掲載日 : [2009-11-05] 照会数 : 6427
<民団県央支部>手作り韓国史発信 檀君から現代まで3年計画
[ 独立運動家を描いた漫画を手にする金正吉支団長(左)と事務員の石岡福連さん(民団県央支部で) ]
【神奈川】タイムマシンで5000年前まで遡りながら歴史物語の旅を楽しめる講座「楽しく読める韓国史」が、民団神奈川・県央支部(金正吉支団長)のホームページ上で閲覧できる。金さん(53)が今春、支団長就任を機会に韓国史の面白さを在日の若い世代に伝えたいと企画した。12年までの任期3年間で完結する長期連載だ。また、韓国国内の代表的な独立運動家をシリーズで紹介する漫画冊子の刊行も始めた。
漫画で独立運動家も紹介
連載「楽しく読める歴史」は金さん自ら執筆。「檀君誕生」からスタートして現在は「新羅の滅亡」(第14回)まで進んだ。1カ月で平均3話読めるペース。1回分の字数は2300字前後とコンパクトだ。
歴史は民族や国家が大きく絡むと、固いものになりがちだ。これを避けるため、金さんは登場人物をいきいきと描いた。団員からは「こんなに韓国の歴史が面白いとは知らなかった」(60代、在日2世)という感想も寄せられている。
9月からは、自らの命をかけて祖国に尽くした独立運動家を分かりやすく漫画で紹介するシリーズも始めた。金さんは来年の韓国併合100年を前に「あらためて歴史の事実を正しく認識し、教訓にしたい」と話す。原本は韓国の民族正気宣揚センターが韓国語で発行した冊子。同センターから許可を得て日本語に翻訳した。毎回100部程度を印刷、希望者に無料配布している。第1回には「3・1独立運動の主役」孫秉煕を選んだ。10月に安重根義士、11月以降は金九、尹奉吉、安昌浩、崔益鉉、柳寛順などを順次紹介していく。来年の9月には12人全部が出そろう予定。実務は金さんと支部事務員の石岡福連さんが分担している。翻訳を一手に担う金さんは「間違った訳はできない」と細心の神経をはらっているという。
「国の歴史は自分の国の言葉の次に大事だと思う」というのが金さんの持論。歴史が好きでさまざまな文献を読みあさった。言葉は駐日企業勤務当時に実践で鍛え、身に付けた。いまでは韓国語能力検定試験6級のお墨付き。
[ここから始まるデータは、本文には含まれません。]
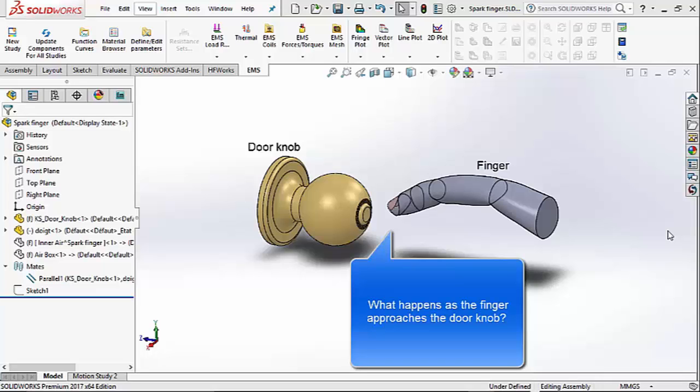What happens when your finger is at a particular distance from the knob? And what happens as the distance keeps decreasing?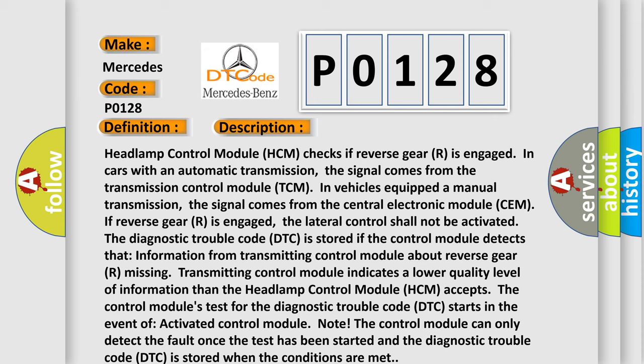If reverse gear R is engaged, the lateral control shall not be activated. The diagnostic trouble code DTC is stored if the control module detects the information from transmitting control module about reverse gear R is missing. The transmitting control module indicates a lower quality level of information than the headlamp control module HCM accepts. The control module's test for the diagnostic trouble code DTC starts in the event of activated control module. The control module can only detect the fault once the test has been started and the diagnostic trouble code DTC is stored when the conditions are met.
ホームページ開設は支団長に立候補したときからの公約。このほか、韓国語講座開講、定期的な映画会と次々に実践してきた。この結果、長期的に漸減傾向にあった団費集金額に歯止めがかかり、わずかながら上向いてきた。
金さんは「まだまだ支部の運営は楽ではないが、民団の活動が少しずつ理解されてきた証なのでは」と胸を張った。